ASSIGNMENT =
Give back the listing in full and exactly, leaving out the images.

DATASET EXTRACT =
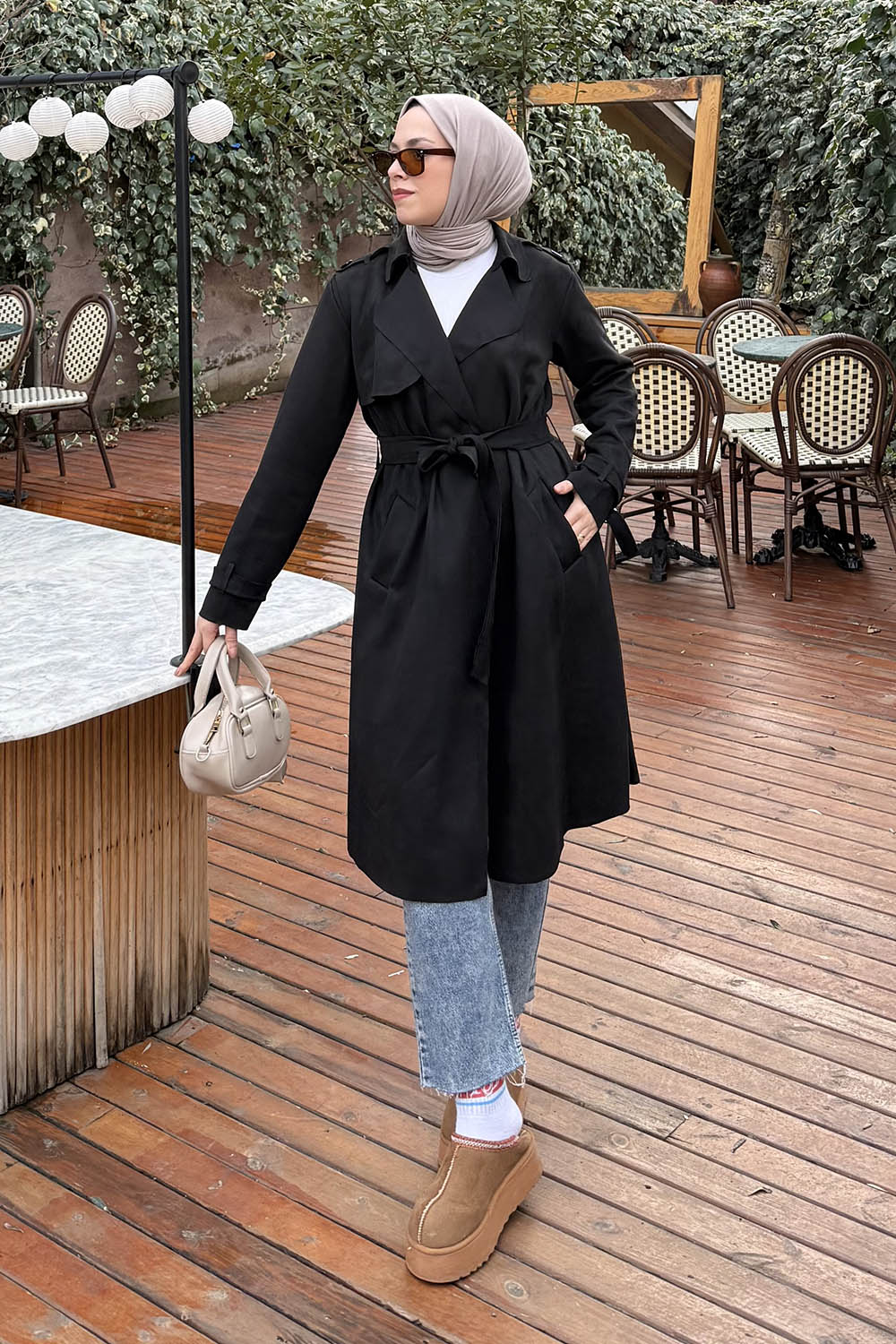 Lamelif Omuz Apoletli Süet Trençkot Siyah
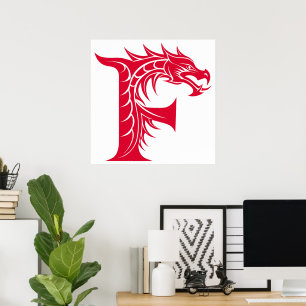 Drache gestalteter Buchstabe F, Drachenalphabet, M Poster
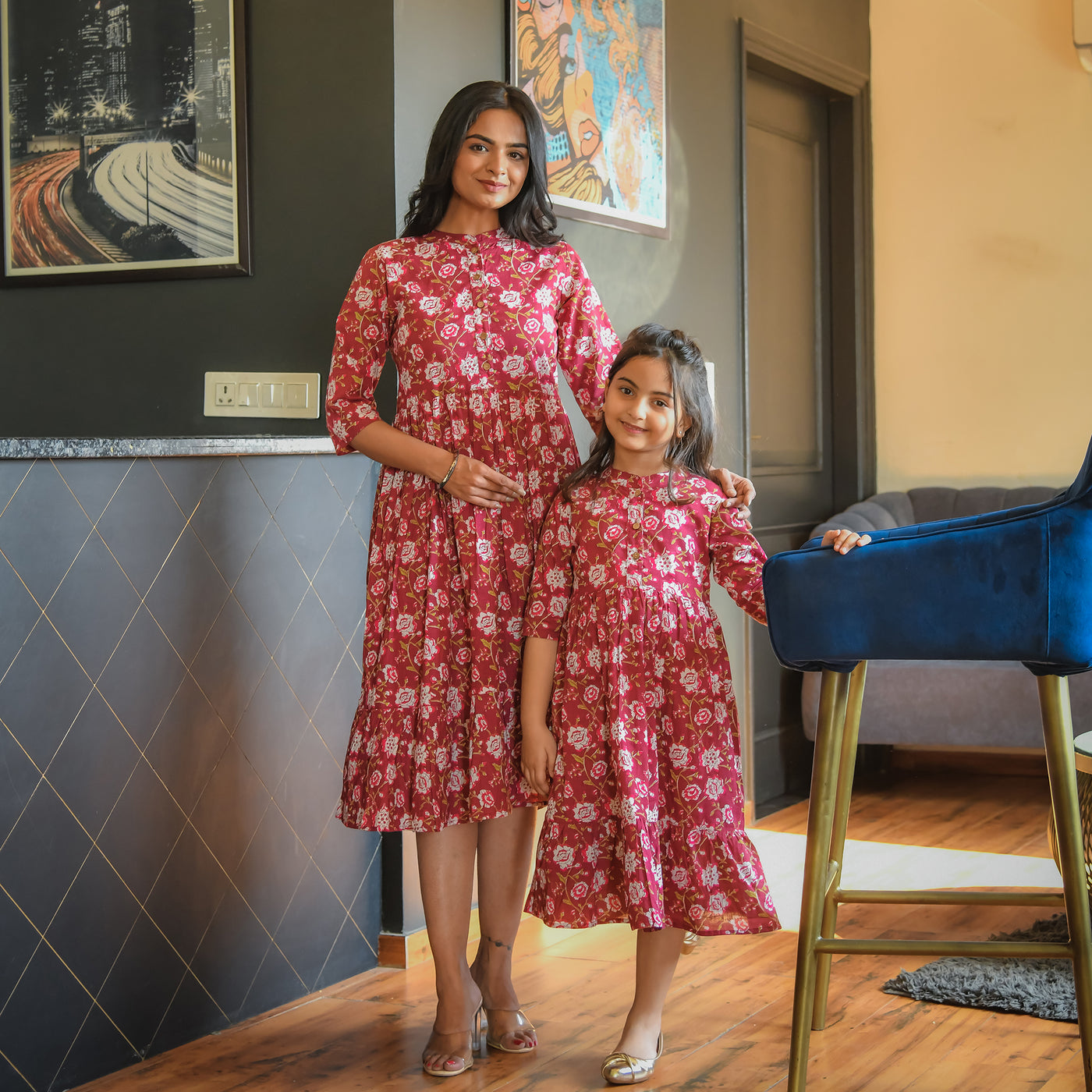 'Maroon Blossom' Mom and Daughter Cotton Tiered Midi Dresses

TASK OUTPUT =
 Lamelif Omuz Apoletli Süet Trençkot Siyah
 Drache gestalteter Buchstabe F, Drachenalphabet, M Poster
 'Maroon Blossom' Mom and Daughter Cotton Tiered Midi Dresses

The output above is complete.